Brief descriptive captions
******************************

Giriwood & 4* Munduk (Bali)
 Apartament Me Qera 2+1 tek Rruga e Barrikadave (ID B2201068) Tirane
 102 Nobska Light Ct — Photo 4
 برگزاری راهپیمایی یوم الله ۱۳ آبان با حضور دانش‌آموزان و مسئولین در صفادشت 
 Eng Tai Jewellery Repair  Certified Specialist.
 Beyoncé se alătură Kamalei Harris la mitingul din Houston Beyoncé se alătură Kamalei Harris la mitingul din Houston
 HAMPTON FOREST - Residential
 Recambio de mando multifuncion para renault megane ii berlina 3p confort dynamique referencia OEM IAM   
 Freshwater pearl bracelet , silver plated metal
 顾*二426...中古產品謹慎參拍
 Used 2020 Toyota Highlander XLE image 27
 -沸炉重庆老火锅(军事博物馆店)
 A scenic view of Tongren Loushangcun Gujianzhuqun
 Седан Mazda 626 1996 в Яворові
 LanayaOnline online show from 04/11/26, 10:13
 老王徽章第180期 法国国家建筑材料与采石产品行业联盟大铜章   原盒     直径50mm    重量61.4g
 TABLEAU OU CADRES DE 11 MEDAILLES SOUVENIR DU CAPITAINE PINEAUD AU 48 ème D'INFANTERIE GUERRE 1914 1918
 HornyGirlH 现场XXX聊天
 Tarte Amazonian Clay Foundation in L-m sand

******************************

> What to do:
Only an exact copy of all the data will do as the answer.

> Task output:
Giriwood & 4* Munduk (Bali)
 Apartament Me Qera 2+1 tek Rruga e Barrikadave (ID B2201068) Tirane
 102 Nobska Light Ct — Photo 4
 برگزاری راهپیمایی یوم الله ۱۳ آبان با حضور دانش‌آموزان و مسئولین در صفادشت 
 Eng Tai Jewellery Repair  Certified Specialist.
 Beyoncé se alătură Kamalei Harris la mitingul din Houston Beyoncé se alătură Kamalei Harris la mitingul din Houston
 HAMPTON FOREST - Residential
 Recambio de mando multifuncion para renault megane ii berlina 3p confort dynamique referencia OEM IAM   
 Freshwater pearl bracelet , silver plated metal
 顾*二426...中古產品謹慎參拍
 Used 2020 Toyota Highlander XLE image 27
 -沸炉重庆老火锅(军事博物馆店)
 A scenic view of Tongren Loushangcun Gujianzhuqun
 Седан Mazda 626 1996 в Яворові
 LanayaOnline online show from 04/11/26, 10:13
 老王徽章第180期 法国国家建筑材料与采石产品行业联盟大铜章   原盒     直径50mm    重量61.4g
 TABLEAU OU CADRES DE 11 MEDAILLES SOUVENIR DU CAPITAINE PINEAUD AU 48 ème D'INFANTERIE GUERRE 1914 1918
 HornyGirlH 现场XXX聊天
 Tarte Amazonian Clay Foundation in L-m sand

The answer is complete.